Data Engineering
Event sourcing: multiple-choice review
Six questions that cut across the whole unit. Each mirrors a decision you make designing or operating an event-sourced system — not a definition to recite, but a tradeoff to weigh when the log is the truth and everything else is derived.
Confirm you can connect the append-only log, projections, replay, snapshots, versioning, and GDPR — the synthesis the lesson built toward, at the depth where the decisions actually bite.
A teammate argues 'we already publish domain events to Kafka after every DB write, so we are event-sourced.' Why is that probably false?
Why are projections (read models) safe to treat as disposable, and what does that buy you operationally?
A user clicks Save, you append the event, then redirect to a list rendered from the projection — and their change is not there. What is the root cause and the right fix?
Loading one aggregate folds 4 million events and is too slow. You add snapshots. What is the one failure mode a senior guards against?
OrderPlaced gains a required currency field. Millions of historical OrderPlaced events lack it. What is the standard approach?
A user exercises GDPR erasure; their PII is embedded across hundreds of immutable events. What does a senior actually ship?

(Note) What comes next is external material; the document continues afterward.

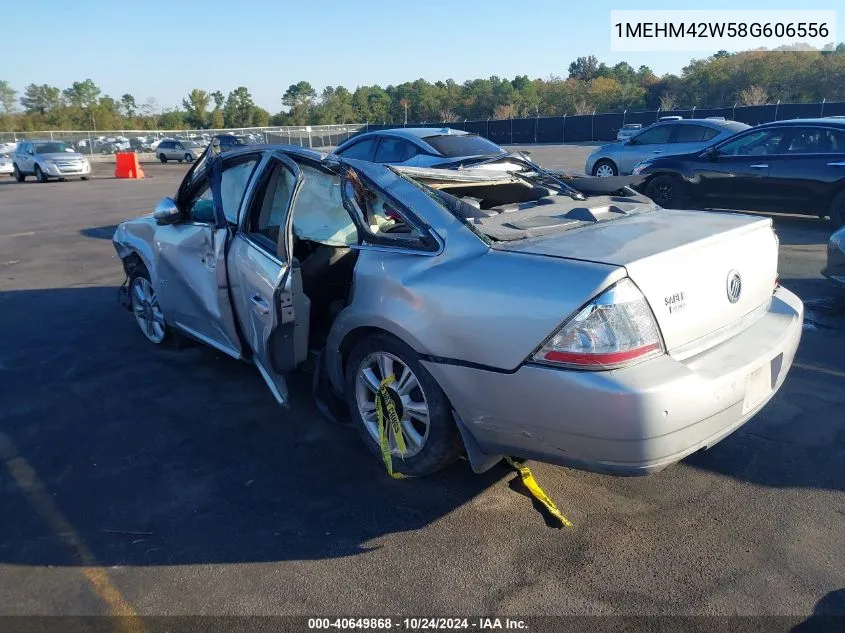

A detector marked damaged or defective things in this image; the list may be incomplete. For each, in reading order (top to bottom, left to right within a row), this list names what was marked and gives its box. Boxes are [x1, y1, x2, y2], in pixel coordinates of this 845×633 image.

wrecked silver sedan [113, 146, 804, 476]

The through-line of the unit is one inversion and its consequences: the append-only log is the source of truth, current state is a fold, and everything else is derived. Projections are disposable read models rebuilt by replay, so reads are eventually consistent. Snapshots bound replay cost but drift silently if unguarded. Versioning is permanent — old shapes live forever, so you upcast instead of rewriting. And GDPR against an immutable log is met with crypto-shredding, with a real legal caveat. Every answer here resolves back to the same rule: never mutate the log; derive, replay, and transform around it.